Don’t get me wrong, it’s fun and exciting. I love posting pictures and when I do have the time to get creative, it’s so much fun, but I don’t want it to consume me and my thoughts to the negative place, when it’s not going where I expected it to go. Or if it’s not getting enough likes, or comments, and it makes me feel like it wasn’t good enough to post.

For so many of us, it’s become unhealthy and we’ve forgotten to do one important thing…

R E S T

I remembered that I must allow my soul to rest! Like the scripture above says,

“Yes, my soul, find rest in God; my HOPE comes from him.”

Psalm 62:5

On days when my mind is already going 100 miles a minute, the last thing I need is the stress of whether or not my post was liked enough. Can you relate? or is it just me?

I just want to encourage you to put it aside and remember, that it’s just a thing that adds no value to your soul or the state of your mind. Whether you are getting paid for it, have 20k followers or not, your heart and mind is more important.

My girls, I’m sure just like your kids, watch our every move. Hear every word that we utter under our breath, every sigh and grunt of frustration, and mimic it. They reminded me, in the midst of chaos, that their hearts are so fragile and moldable to what’s going on around them.

If I’m not allowing myself to rest, neither will they. 

If I’m anxious, I know they can feel it.

Even if no sleep occurs, it’s still important to sit and recharge in quiet with no distractions.

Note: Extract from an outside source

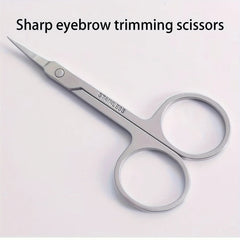 Curved Nose Hair Scissors Small Scissors for Beard Grooming, Eyelashes, Ear Hair Trimming Eyebrow Scissors - Professional Stainl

So to all my other momma’s out there, or  if you’re not a mom, but you too are a blogger, remember to find that rest. Don’t worry about the likes, comments, number of followers, etc., if it’s stealing your peace and your time for rest. Take a day and recharge, it’ll still be there tomorrow and I promise you’ll feel so much better and your creativity for content will be even better!

Like always, I just wanted to share my heart with you in hopes of encouraging you! You’re not alone even though it may feel like you are.

When’s the last time you truly allowed yourself to rest, without distractions?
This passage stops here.